Complex Data Work? I Hand It to Claude Cowork

Combing messy data into an ordered result

I had a data-cleanup job on my hands: three sources that needed to be reconciled. The same thing was named differently in all three, the fields didn’t line up, and on top of that sat a pile of judgment rules only someone who knows the business would know. The end product had to be something usable, and it had to be handed off so a colleague could run it themselves later.

Done the old way, that means translating the rules into code one at a time, debugging, getting it to run. Optimistically, most of a month. This time I used Claude Cowork, the mode in Anthropic’s desktop app that actually does things on your computer, and it was sorted in a few hours. Fast, and accurate.

Let me walk through what it actually did.

It cleans up the data itself, instead of telling me how

This is the biggest difference from a normal chat.

Ask a chatbot how to reconcile three tables and it gives you an approach and some code snippets, then you go assemble it yourself. Cowork doesn’t work like that. You connect the folder where the data lives, and it actually reads your files, runs the computation, and writes the result into a file for you. I dropped a few raw files into a folder it could access, told it to run the comparison, and about ten minutes later the result was sitting there. The step that always used to eat the most time, turning logic into a program that runs, it just took care of.

It worked out the rules and the differences for me

This is the most valuable part, and the part that used to give me the most grief. Break down what it did and it comes to a few things.

First it figured out how the three sources line up: what the same item looks like in each place, and which fields you can use to match them.

Then it set the matching rules one at a time. Which fields count as the same thing. How far two numbers can sit apart and still count as a match. How to fold together names written in different ways. There was one metric where one source had a round number the manufacturer typed in and another had a measured decimal, always off by a fraction. At first the rule was too strict, so anything off by a hair got flagged as a mismatch, and a whole swath of things that actually matched showed up as differences. I told it the two numbers come from different methods and a small gap is normal. It changed the rule, reran, and listed out which entries flipped from mismatch back to match so I could check them.

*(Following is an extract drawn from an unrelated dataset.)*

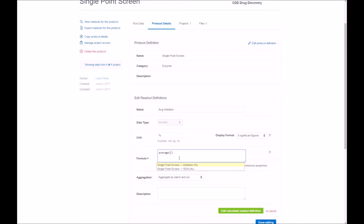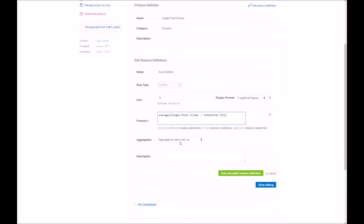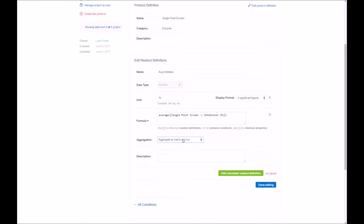You note that we have two options here, the inhibition and SEM, the two that we read in earlier. This is actually an important feature of the formula editor is that this reads not only across this particular readout, but across all projects and all runs. So you can do some really great calculations based on your research needs. One very powerful one is the selectivity score, looking at it across multiple runs, for example.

Last, it counted up the differences and sorted them: how many lined up exactly, how many didn’t, and for the ones that didn’t, which field they differed on, by how much, and how many of each. One table, and you can see at a glance what’s usable and what still needs a person to look at.

Name normalization alone was a slog. One source in all caps, another mixing cases. One in Chinese, another in an English abbreviation. Spaces, punctuation, full names and aliases that don’t match. Every time I spotted a new variety I’d mention it and it would add a rule. There was a batch of seven hundred-odd entries that wouldn’t match at first. Grinding through them one type at a time got it down to about ninety that genuinely aren’t in the other source, the ones nothing could save.

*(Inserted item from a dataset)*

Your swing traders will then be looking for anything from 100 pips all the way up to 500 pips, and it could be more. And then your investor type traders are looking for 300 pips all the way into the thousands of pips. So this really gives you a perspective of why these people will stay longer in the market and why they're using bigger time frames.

It makes mistakes too, so you can’t walk away

It wasn’t all smooth. One time I told it to loosen up the name matching and it overshot, jamming a record onto another one that had nothing to do with it. A few other times we went in circles over the same counting definition. It would compute it one way, I’d say no, it would switch, then it wouldn’t line up with another reference, and we’d adjust again.

If anything, that’s what convinced me the split is right. It does the work and it brings the speed, but the calls that matter stay with you. I caught the bad match by eye while spot-checking. How to define the count needs someone who knows the business to decide. It’s fast, but the one making the call still has to be me.

A one-off job becomes something reusable that runs itself

If it had only produced a correct result, Cowork would just be an efficiency tool. What made it feel like more were the two things that came after.

One, it can be saved and reused. The logic eventually has to go to a colleague to maintain, so I had Cowork pull every rule out into a config file that someone who doesn’t code can edit: the tolerances, the name mappings, the criteria for a match. It split the core algorithm apart from the file reading and writing, added documentation and a thirty-second quick-start, and packaged the whole thing up with sample data. In Cowork this kind of reusable capability can be saved as a Skill, so next time a similar job comes up I can just call it instead of explaining everything from scratch.

Two, it can run on a schedule by itself. This job isn’t done once and finished. Every so often there’s new data to reconcile. In Cowork you type /schedule, set a cadence, and it opens its own session, runs the whole comparison, and drops the result into a folder. I went from running it by hand each time to opening it and reading the result. One catch worth remembering: scheduled tasks only run while your computer is awake and the app is open.

In the end

The same problem, a while back, I’d have had to brute-force with code. Optimistically most of a month, and not necessarily clean. This time it was done in a few hours, and I’m genuinely happy with how it came out.

The change isn’t about who writes the code. It’s that the gap between having the rules clear in your head and having a result you can use has shrunk to almost nothing. It does the grunt work. It grinds through the long tail with you. And when it’s done, it can be saved as a Skill and set to run on its own. The rest is on you: get the rules clear, and make the call wherever it can’t.